**DESCRIPTION OF THE TASK:** Beginning with the first line of the data below, reproduce every line unchanged, ending with the line that holds "Queen Elizabeth II's".

*** DATA FOR THIS EXERCISE Section Begins ***

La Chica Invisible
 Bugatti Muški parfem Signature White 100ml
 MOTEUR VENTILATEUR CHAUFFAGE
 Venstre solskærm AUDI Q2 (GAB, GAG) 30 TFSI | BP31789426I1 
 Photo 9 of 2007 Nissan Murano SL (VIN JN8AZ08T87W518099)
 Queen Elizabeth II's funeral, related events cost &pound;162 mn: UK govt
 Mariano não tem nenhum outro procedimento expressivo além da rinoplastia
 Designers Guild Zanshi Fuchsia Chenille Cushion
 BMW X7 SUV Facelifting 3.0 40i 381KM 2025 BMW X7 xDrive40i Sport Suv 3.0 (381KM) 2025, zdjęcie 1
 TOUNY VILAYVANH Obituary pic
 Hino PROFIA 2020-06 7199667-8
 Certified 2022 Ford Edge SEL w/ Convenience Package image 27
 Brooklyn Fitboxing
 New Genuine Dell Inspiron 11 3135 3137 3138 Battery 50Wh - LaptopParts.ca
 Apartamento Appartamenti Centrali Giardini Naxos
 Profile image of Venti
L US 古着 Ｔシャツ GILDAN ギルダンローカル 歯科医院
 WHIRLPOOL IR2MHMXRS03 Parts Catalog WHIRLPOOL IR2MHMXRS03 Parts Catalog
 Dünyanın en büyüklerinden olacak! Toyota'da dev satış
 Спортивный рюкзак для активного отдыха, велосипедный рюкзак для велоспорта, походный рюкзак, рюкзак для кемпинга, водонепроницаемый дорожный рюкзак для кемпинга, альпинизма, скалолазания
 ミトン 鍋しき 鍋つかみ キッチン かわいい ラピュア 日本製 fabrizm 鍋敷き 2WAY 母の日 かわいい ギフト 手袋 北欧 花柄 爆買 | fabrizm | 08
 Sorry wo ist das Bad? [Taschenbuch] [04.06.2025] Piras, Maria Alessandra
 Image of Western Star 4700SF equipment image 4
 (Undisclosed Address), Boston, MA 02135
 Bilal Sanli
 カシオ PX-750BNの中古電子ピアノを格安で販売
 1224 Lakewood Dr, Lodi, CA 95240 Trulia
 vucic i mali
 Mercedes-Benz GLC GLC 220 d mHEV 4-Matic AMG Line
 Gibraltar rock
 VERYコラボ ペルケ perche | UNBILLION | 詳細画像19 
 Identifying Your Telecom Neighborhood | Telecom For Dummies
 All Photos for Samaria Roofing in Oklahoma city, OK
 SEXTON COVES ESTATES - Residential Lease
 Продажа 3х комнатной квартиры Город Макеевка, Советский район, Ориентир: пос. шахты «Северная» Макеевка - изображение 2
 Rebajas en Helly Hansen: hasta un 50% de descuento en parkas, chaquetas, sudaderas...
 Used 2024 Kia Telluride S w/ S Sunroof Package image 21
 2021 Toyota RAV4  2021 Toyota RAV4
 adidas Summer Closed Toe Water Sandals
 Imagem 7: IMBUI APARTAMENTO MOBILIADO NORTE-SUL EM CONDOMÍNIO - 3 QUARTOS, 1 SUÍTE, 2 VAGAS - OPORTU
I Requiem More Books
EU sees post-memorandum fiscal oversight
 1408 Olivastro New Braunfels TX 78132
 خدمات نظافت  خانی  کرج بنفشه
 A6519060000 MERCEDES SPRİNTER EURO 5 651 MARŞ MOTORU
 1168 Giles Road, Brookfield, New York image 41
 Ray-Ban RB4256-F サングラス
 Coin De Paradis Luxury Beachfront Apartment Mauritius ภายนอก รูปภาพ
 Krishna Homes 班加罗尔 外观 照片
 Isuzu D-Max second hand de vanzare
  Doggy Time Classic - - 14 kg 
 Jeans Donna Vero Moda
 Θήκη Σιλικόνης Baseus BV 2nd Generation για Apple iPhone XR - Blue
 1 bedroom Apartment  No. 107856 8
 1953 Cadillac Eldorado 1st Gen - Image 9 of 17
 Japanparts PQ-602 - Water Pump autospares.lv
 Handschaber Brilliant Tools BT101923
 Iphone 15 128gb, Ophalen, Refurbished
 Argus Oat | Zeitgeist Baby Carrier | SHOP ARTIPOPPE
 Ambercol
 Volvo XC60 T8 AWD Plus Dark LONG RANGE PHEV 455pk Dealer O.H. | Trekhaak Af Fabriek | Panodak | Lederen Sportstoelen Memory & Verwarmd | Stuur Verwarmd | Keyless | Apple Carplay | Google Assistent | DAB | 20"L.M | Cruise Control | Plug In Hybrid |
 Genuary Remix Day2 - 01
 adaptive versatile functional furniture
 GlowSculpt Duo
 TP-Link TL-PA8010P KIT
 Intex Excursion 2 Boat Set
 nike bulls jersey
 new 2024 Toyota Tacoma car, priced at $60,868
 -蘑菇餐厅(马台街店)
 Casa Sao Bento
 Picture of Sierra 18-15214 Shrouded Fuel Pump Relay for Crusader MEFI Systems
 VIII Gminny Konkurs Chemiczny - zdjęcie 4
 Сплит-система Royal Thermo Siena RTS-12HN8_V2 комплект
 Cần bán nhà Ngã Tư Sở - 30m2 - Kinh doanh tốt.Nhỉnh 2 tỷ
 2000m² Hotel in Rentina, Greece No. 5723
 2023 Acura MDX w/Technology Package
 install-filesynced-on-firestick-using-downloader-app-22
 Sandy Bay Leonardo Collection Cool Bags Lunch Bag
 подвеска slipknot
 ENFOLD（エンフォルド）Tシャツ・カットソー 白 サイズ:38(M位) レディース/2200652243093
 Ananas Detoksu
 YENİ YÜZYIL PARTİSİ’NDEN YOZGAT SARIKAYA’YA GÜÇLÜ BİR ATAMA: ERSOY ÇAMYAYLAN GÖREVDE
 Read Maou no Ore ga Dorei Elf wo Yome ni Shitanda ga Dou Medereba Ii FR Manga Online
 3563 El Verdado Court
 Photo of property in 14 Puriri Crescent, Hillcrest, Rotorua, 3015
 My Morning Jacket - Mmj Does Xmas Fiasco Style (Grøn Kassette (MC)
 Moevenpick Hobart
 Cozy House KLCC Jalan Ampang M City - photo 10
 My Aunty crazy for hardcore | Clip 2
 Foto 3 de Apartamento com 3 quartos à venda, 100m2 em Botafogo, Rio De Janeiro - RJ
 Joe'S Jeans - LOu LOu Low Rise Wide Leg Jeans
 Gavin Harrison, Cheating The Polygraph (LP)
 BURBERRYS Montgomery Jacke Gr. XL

*** DATA FOR THIS EXERCISE Section Ends ***

**RESULT FOR THIS EXERCISE:**
La Chica Invisible
 Bugatti Muški parfem Signature White 100ml
 MOTEUR VENTILATEUR CHAUFFAGE
 Venstre solskærm AUDI Q2 (GAB, GAG) 30 TFSI | BP31789426I1 
 Photo 9 of 2007 Nissan Murano SL (VIN JN8AZ08T87W518099)
 Queen Elizabeth II's funeral, related events cost &pound;162 mn: UK govt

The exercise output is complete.